Proses Hukum Acara Pidana
Penyelidikan
Menurut Pasal 1 ayat (5) Undang-Undang Nomor 8 Tahun 1981 seputar Kitab Undang-Undang Hukum Acara Pidana, yang dimaksud dengan penelusuran yakni serangkaian perbuatan penyelidik untuk mencari dan menemukan suatu momen yang diduga sebagai tindak pidana guna mempertimbangkan bisa atau tidaknya dijalankan penyidikan berdasarkan langkah yang dibatasi dalam undang-undang ini. Menurut pengertian diatas bisa didapat simpulan bahwa penelusuran bertujuan untuk mengungkapkan apakah suatu tindakan itu digolongkan ke dalam suatu tindak pidana atau bukan.
Penyidikan
Menurut Pasal 1 ayat (2) Undang-Undang Nomor 8 Tahun 1981 seputar Kitab Undang-Undang Hukum Acara Pidana, yang dimaksud dengan penyidikan yakni serangkaian perbuatan penyidik dalam hal dan berdasarkan sistem yang dibatasi dalam undang-undang ini untuk mencari serta mengumpulkan bukti yang dengan bukti itu membikin jelas seputar tindak pidana yang terjadi dan guna menemukan tersangkanya. Oleh sebab itu, bisa juga ditarik simpulan bahwa penyidikan itu adalah suatu perbuatan lanjutan dari penelusuran dimana telah bisa diatur bahwa tindakan itu adalah suatu tindak pidana.
Penuntutan
Penuntutan merupakan perbuatan penuntut umum guna melimpahkan perkara pidana ke pengadilan negeri yangmemiliki wewenang dalam hal dan berdasarkan sistem yang dibatasi dalam undang-undang ini dengan permintaan agar diperiksa dan diputus oleh hakim di sidang pengadilan (vide Pasal 1 ayat (7) Undang-Undang Nomor 8 Tahun 1981 perihal Kitab Undang-Undang Penuntutan merupakan suatu rangkaian tindakan setelah adanya penyelidikan dan penyidikan.
Sesudah Penuntut umum mendapatkan hasil penyidikan dari penyidik, karenanya dia akan langsung mempelajarinya dan menelitinya serta dalam waktu 7 hari mesti memberitahukan terhadap penyidik apakah hasil penyidikan itu telah komplit atau belum.
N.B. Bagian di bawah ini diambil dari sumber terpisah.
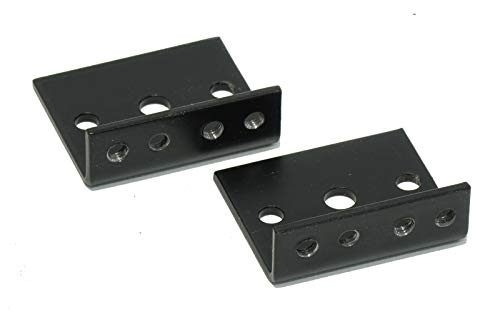 AudioRax Rack Rail Pair  1 Space 1U  12RU Spacing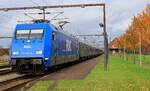RDC/RAG 101 031-3, REV/LD X/20.04.17; Verl/LD X/20.04.24 mit SJ Nachtzug im Bhf Pattburh/DK 05.11.2023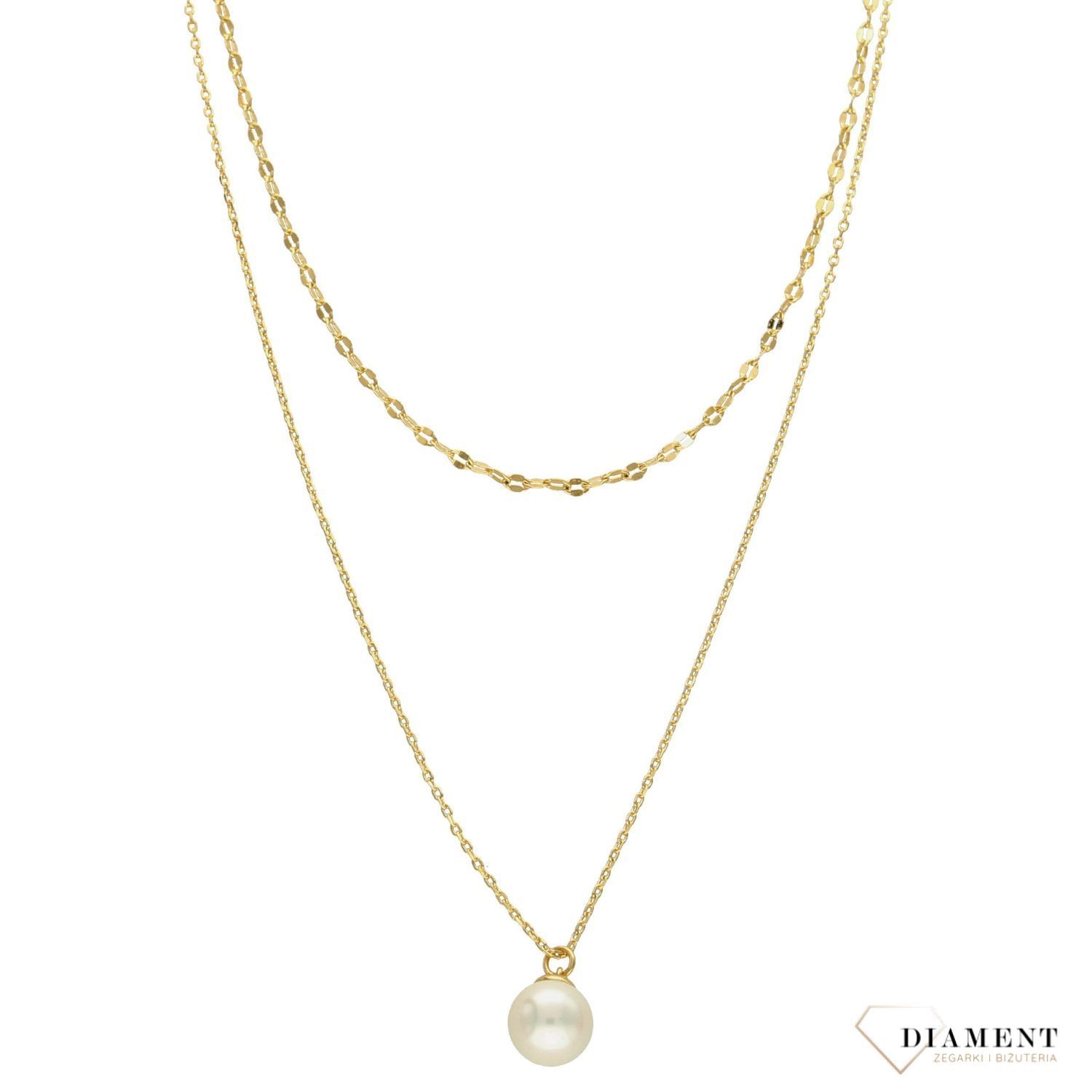 Naszyjnik typu choker srebrny perełka DIA-NSZ-1324K-925.jpg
Jika dalam hal hasil penyidikan terbukti belum komplit, karenanya penuntut umum mengembalikan berkas perkara terhadap penyidik disertai pertanda perihal hal yang seharusnya dikerjakan untuk melengkapi dan dalam waktu 14 hari semenjak tanggal penerimaan berkas, penyidik telah sepatutnya memberi tahu kembali berkas perkara terhadap Penuntut Umum.
Putusan Hakim
Pada dasarnya putusan hakim dalam Hukum acara pidana adalah suatu wujud keadilan tertinggi yang diberi terhadap terdakwa dan putusan itu dianggap benar serta mempunyai daya yang mengikat sepanjang tak ada upaya Hukum yang dijalankan oleh terdakwa kepada putusan itu. Dalam hal hakim memutus suatu perkara pidana, karenanya dia seharusnya berlandaskan asas keadilan, kemanfaatan, dan kepastian Hukujm. Hakim juga dalam memutus suatu perkara pidana semestinya berlandaskan keyakinan dan alat bukti yang dihadirkan ke persidangan.
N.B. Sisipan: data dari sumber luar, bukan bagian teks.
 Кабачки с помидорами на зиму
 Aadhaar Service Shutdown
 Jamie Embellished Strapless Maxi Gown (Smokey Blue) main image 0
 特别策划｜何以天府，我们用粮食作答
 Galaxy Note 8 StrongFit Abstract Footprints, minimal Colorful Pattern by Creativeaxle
Dalam teori Hukum pembuktian, cara Hukum di Indonesia menerapkan cara Hukum Eropa Kontinental yakni negatief wettelijk bewijstheorie yang merupakan dasar pembuktian Hukum pidana dikerjakan berdasarkan keyakinan hakim yang muncul dari alat-alat bukti dalam undang-undang secara negatif.
BACA JUGA:
Prinsip itu terdapat dalam Pasal 183 Kitab Undang-Undang Hukum Acara Pidana (KUHAP) yang memberikan batasan untuk hakim dalam menjatuhkan sanksi pemidanaan kepada seseorang mesti menurut keyakinan hakim dan minimal dua alat bukti.
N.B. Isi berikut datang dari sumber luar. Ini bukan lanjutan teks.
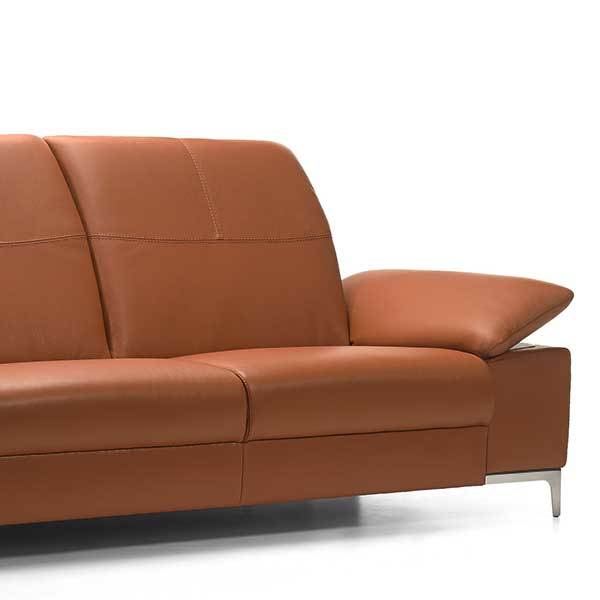 Auden Left Hand Facing Chaise Recliner Sofa, Montana Cognac – image 3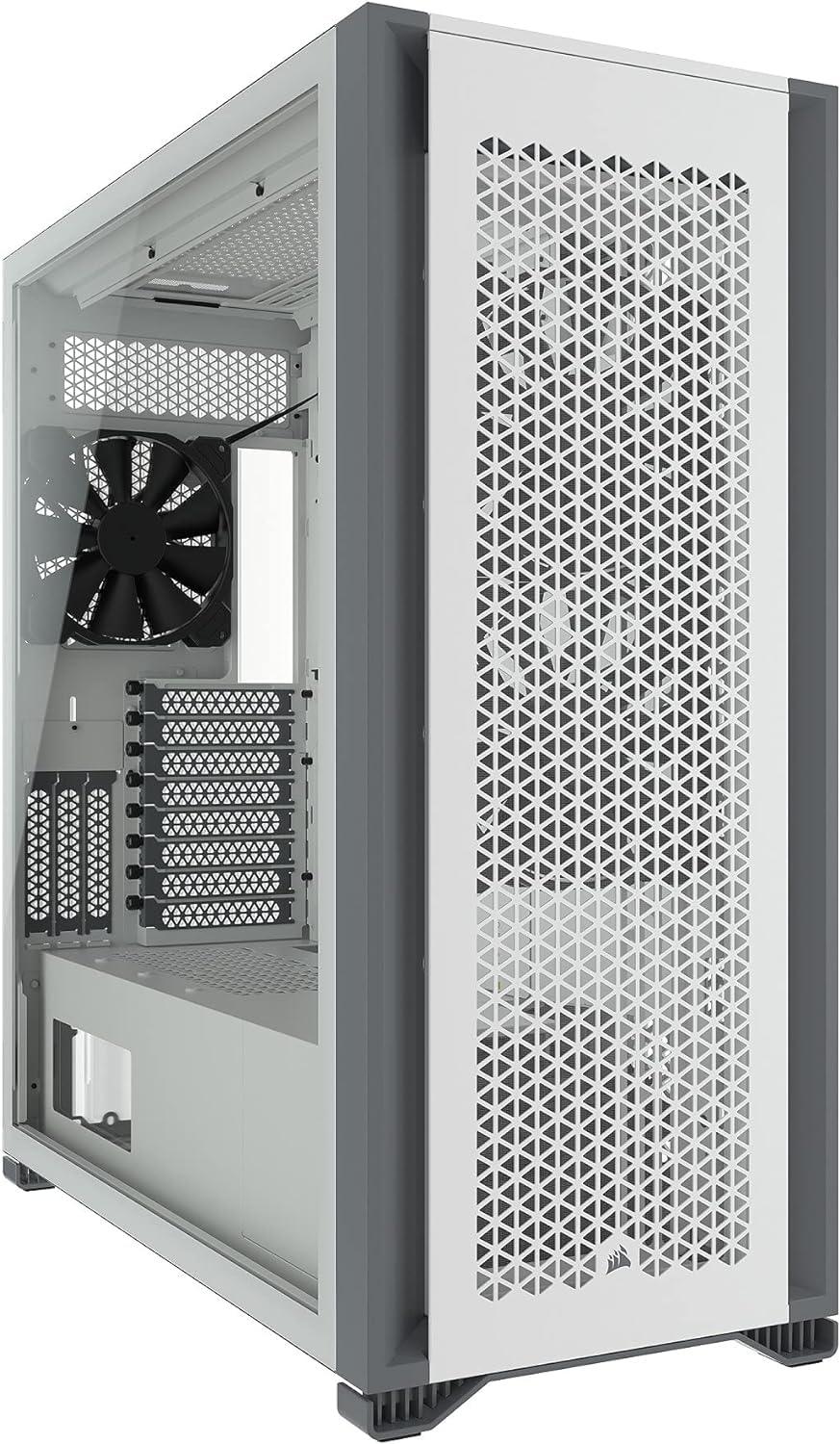 Corsair 7000D Airflow Full-Tower Alloy Steel ATX Computer Case/Gaming Cabinet - White - CC-9011219-WW - Triveni World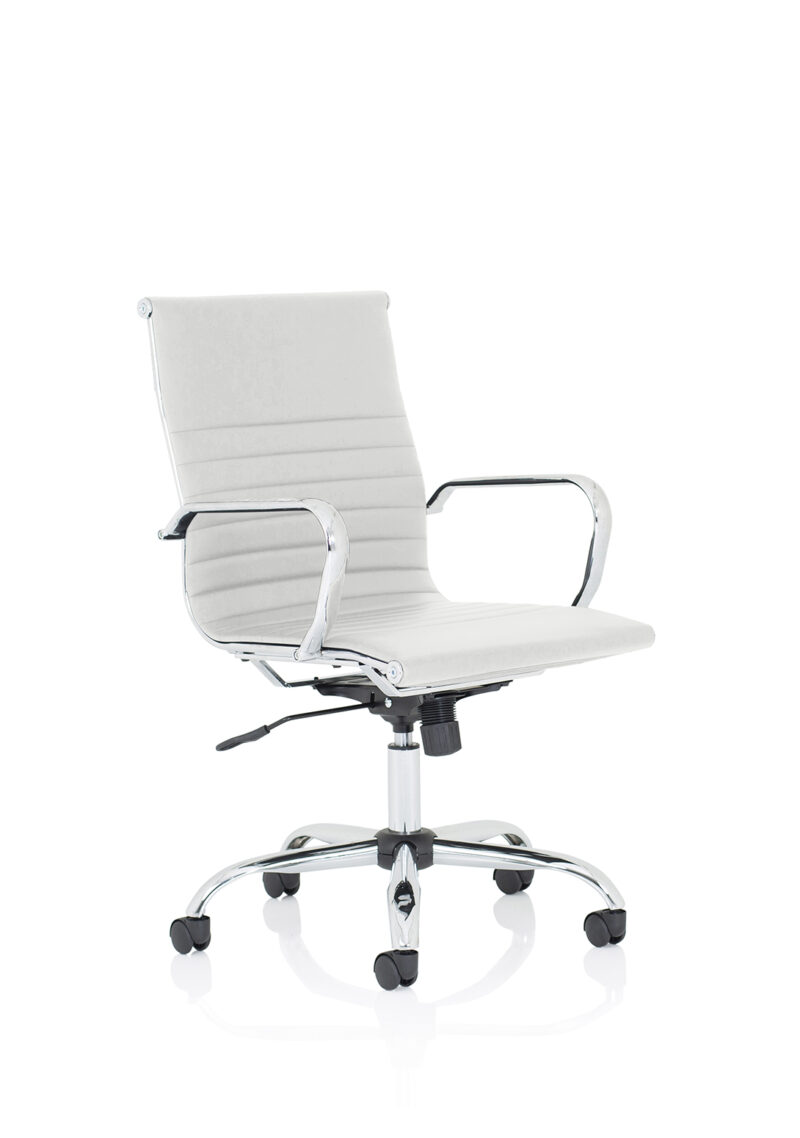 Batch Black Leather Executive Office Chair with Arms - Image 5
Adapun suara Pasal 183 KUHAP yakni “Hakim tidak boleh menjatuhkan pidana kepada seorang kecuali apabila dengan sekurang-kurangnya dua alat bukti yang sah ia memperoleh keyakinan bahwa suatu tindak pidana benar-benar terjadi dan bahwa Terdakwalah yang bersalah melakukannya.”
Jadi setelah mengetahui proses hukum acara pidana, simak berita menarik lainnya di VOI, saatnya merevolusi pemberitaan!